Majalah Marketeers edisi Maret
2013 menyebut tiga penyelenggara internet paling populer adalah Telkom Speedy,
Fastnet dan Indonet. Tiga merk smartphone terpopuler adalah Blackberry, Nokia
dan Samsung. Sedangkan portal berita paling diminati adalah Detik, Yahoo dan
Kompas.
Belajar dari kisah Nokia, sebaiknya
para raja tetap waspada. Tiga fenomena yang mendorong persaingan brutal bisa
membunuh setiap saat. Banyak tantangan yang harus dihadapi sang raja,
diantaranya tiga hal berikut.
Pertama, Long Term Evolution (LTE). Teknologi yang mampu mengirim data
dengan kecepatan ratusan mega ini bakal menjadi basis teknologi ponsel global
yang sangat populer. Teknologi ini tidak hanya mengubah lansekap persaingan ponsel,
namun berdampak juga terhadap persaingan internet, wifi dan televisi berbayar.
Kedua, Over The Top (OTT). Beberapa tahun terakhir, pemain OTT seperti
Google, Facebook, instan messaging sangat diminati publik. Pertumbuhan OTT yang
fantastis meresahkan operator karena hal berikut.

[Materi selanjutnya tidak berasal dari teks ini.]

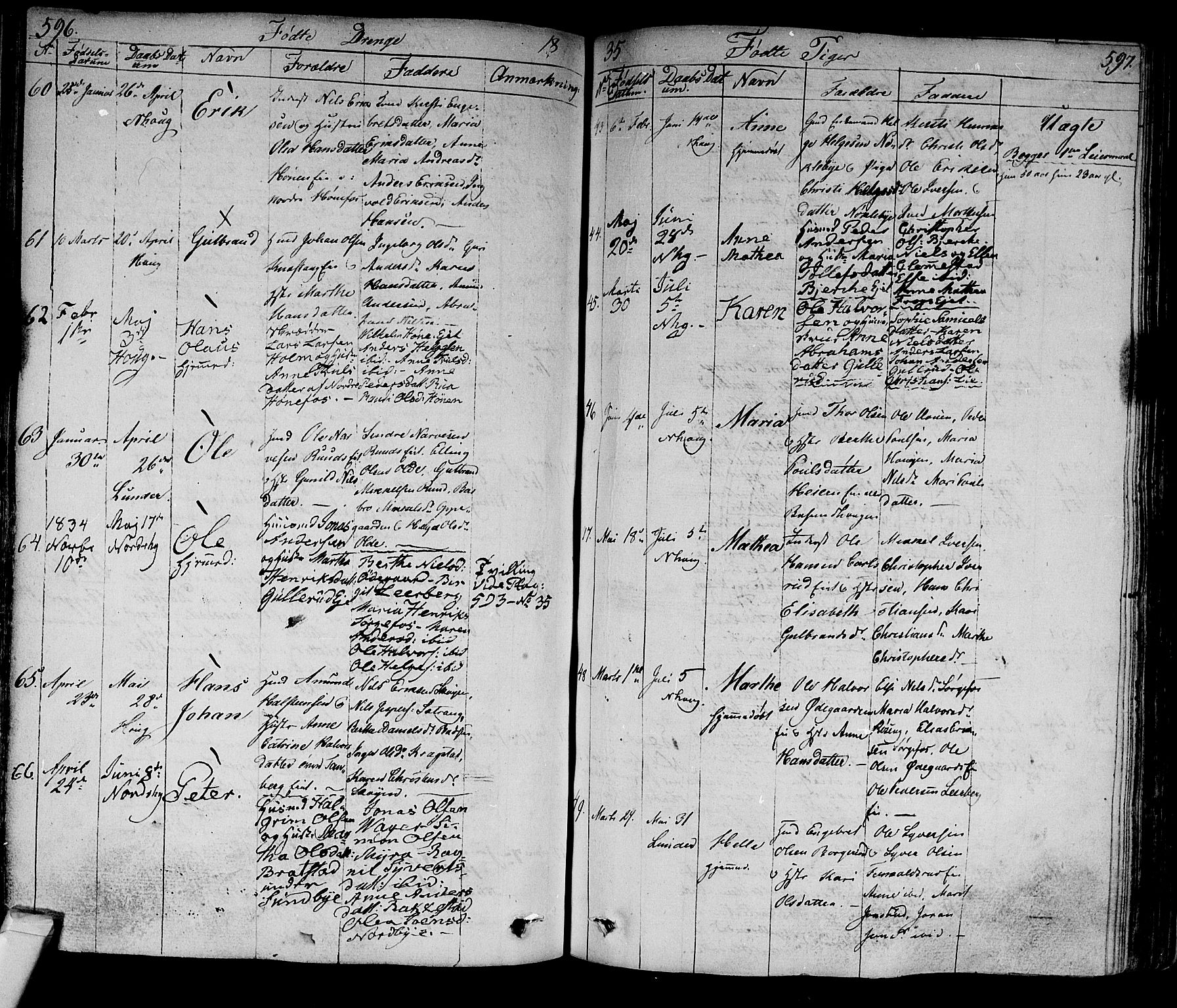 Norderhov kirkebøker, AV/SAKO-A-237/F/Fa/L0009: Parish register (official) no. 9, 1819-1837, p. 596-597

Pertama, mengakibatkan lonjakan trafik data yang tajam sehingga
perlu tambahan investasi kapasitas jaringan. Kedua, menurunkan trafik voice dan SMS yang notabene adalah
sumber pendapatan utama operator. Ketiga, Operator tidak menerima pendapatan
langsung dari trafik OTT. Dengan kondisi demikian, tanpa langkah strategis yang
tepat, masa depan operator menjadi pertaruhan.
Ketiga, balon udara Wi-Fi. Google
sedang merintis proyek Google Loon, yaitu balon udara yang memancarkan Wi-Fi
untuk akses internet. Juni lalu, Loon telah melepas 30 balon di wilayah
Selandia Baru. Sementara di Indonesia, Kabupaten Klaten juga mencoba hal yang
sama pada Juli lalu, menempatkan balon di alun-alun kota untuk akses internet
rakyat. Jika proyek balon udara sukses sesuai harapan, harga koneksi internet semakin
murah. Tentu hal ini akan mengubah lansekap persaingan industri internet.
Akhirnya, semoga para raja khususnya yang telah menyumbang kontribusi positif kepada negeri ini tetap waspada, bertahan dan terus berjaya di kancah persaingan industri telko yang ganas. Sehingga kesedihan rakyat Finlandia tidak harus dirasakan Indonesia. Jaya telko, jaya Indonesia.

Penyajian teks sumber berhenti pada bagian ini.